Nurses, nurse practitioners, physical therapists, mental health professionals, physician assistants, radiology technologists - an editor of a magazine for healthcare professionals couldn't ask to keep better company. And with all the probing and peering, insertions and extractions, care and reassurance, I feel as though I'm getting an up close and personal perspective on the work the readers of On Call do. I've certainly gotten more than a few article ideas and several good interview opportunities from the medical odyssey I embarked on the summer before last.

Of course I didn't intentionally set out to survey the professions this way. I know there are easier ways to inquire about what you do. But the convergence of a lot of little health issues and a couple bigger ones (most of which are resolving quite nicely) created moments of opportunity. But opportunity or not, it hasn't been easy, and it certainly isn't fun.

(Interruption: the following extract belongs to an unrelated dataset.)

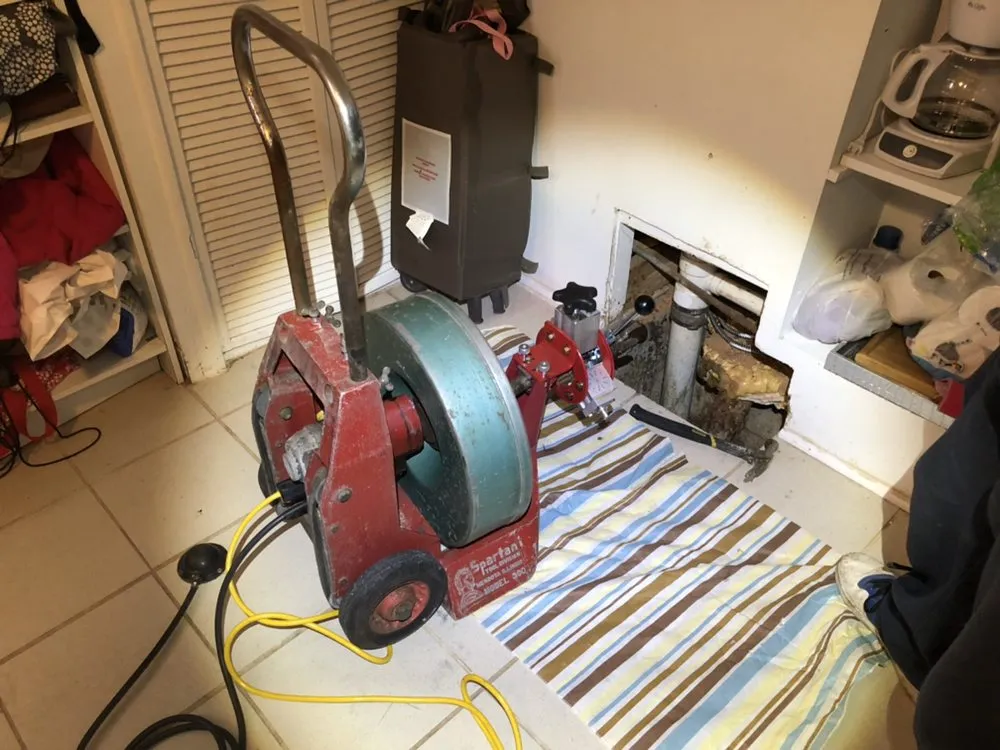 Slide of Safeway Sewers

You'd have to be a masochist to think negotiating the healthcare system would be fun. I am fortunate, though, that I'm old enough to have already raised three kids. Taking care of their health needs was sort of like spring training for what seems to be happening more and more as this baby boomer gets older. I'm also fortunate that both Sandy and I have been in health communications for a very long time, so we both know a little bit about what's going on and what we need to do and what we need to ask to get good care.

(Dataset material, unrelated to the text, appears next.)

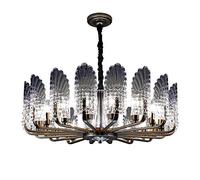zishuo shop Wallps, 16-Lights Light American Simplersonality Hotelps,Lomodern Ceililights Crystal Ceililights Crystal Ceililight Ceililights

Perhaps the best advantage we've had, though, especially when things tended to get rough, is our own network of health professionals that we've worked beside for so long. Whenever we began to feel overwhelmed, we had someone we could talk to who could help us understand what we were hearing and seeing, who could give us names of people to call, and whose, on a few occasions when we really needed to, name we could drop. Everyone should have such a network.

In her feature article this month, Linda Wessling tells us about another network - the health professionals who comprise the staff at Harvard University Health Services. Their goal is not only to simplify access to quality care for students, many of whom are on their own for the first time in their life, but also to help those students become informed, confident, and proactive about their well-being. They do that by making themselves and a wide array of services available to the individuals they care for.

People may not know how much they need something like that until something happens. But take it from me, when something does happen, you're mighty glad the network's there.